6.Or what if local archives are digitized, but without support they cease to exist? Many small libraries might be working to digitize local records; but digital books need support and maintenance just as physical books do. Often, smaller archives might not have the resources to maintain their collections, and they run the risk of disappearing.
a.or if there are archives that aren’t accessible to digitization, or archives that are closed? Some libraries simply do not digitize their texts; this is connected to #2, and we don’t even know what we’re missing from a closed archive.
b.Or, sometimes archives digitize microfilm rather than the book itself. This can produce poor-quality text, resulting in a lot of noise in the system.
7.From a social sciences researcher: what constitutes a research archive/set in the first place? What is excluded?
a.Sometimes there is a lack of awareness of where the data is coming from, and the limits that imposes. In other words, research bias can create gaps, even if that bias is as innocuous as a failure to consider that some of your texts might have poor-quality OCR.

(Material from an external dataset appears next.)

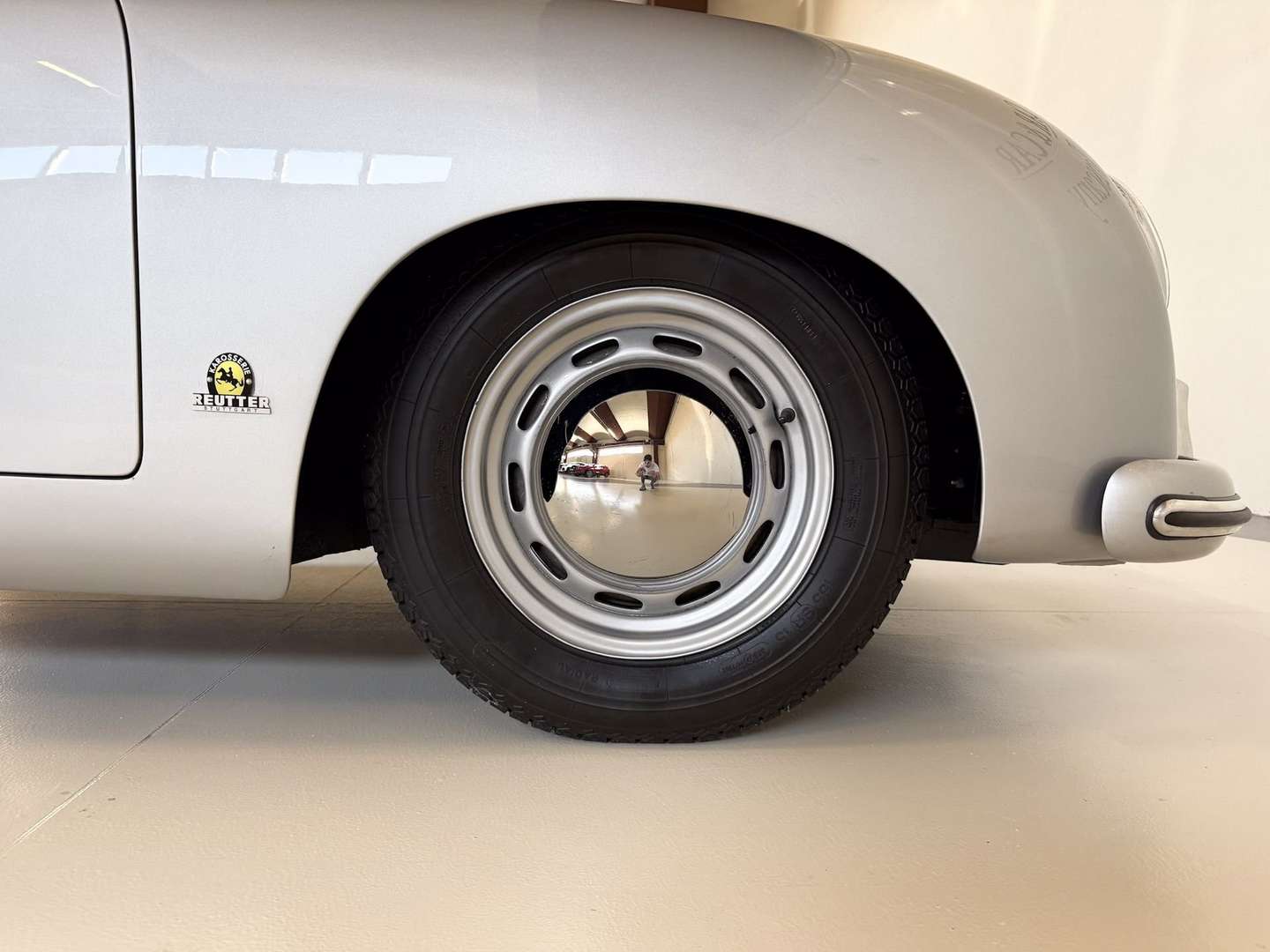 Porsche 356 Cabriolet 1500 - 1955 - Joinsteer - #7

i.This raises the (enormous) question: Are we in fact scripting bias into our datasets in the construction of search algorithms?
8.The fact of publication reinforces gaps. HathiTrust is fundamentally concerned with published texts (see also #4 about public domain). There are a few digitized manuscripts, but not many.
This long list started to seem overwhelming: can we in fact do any kind of research, when every question stumbles across a gap in the archival record? One really interesting possibility, though, is the new data capsule feature under development. Briefly, data capsules are way for researchers to analyze data without actually downloading, reading or in fact personally accessing any of that data. (The full documentation is here.) What this means in practice is that researchers can create a corpus—or workset in HTRC parlance—load that corpus into a capsule, and run their analysis with the dedicated server space HathiTrust provides for capsule users. This kind of research doesn’t address all of the gaps or missing data by any means; but data capsules offer researchers the opportunity to access many more kinds of data, and to tailor their queries to account for some of those gaps.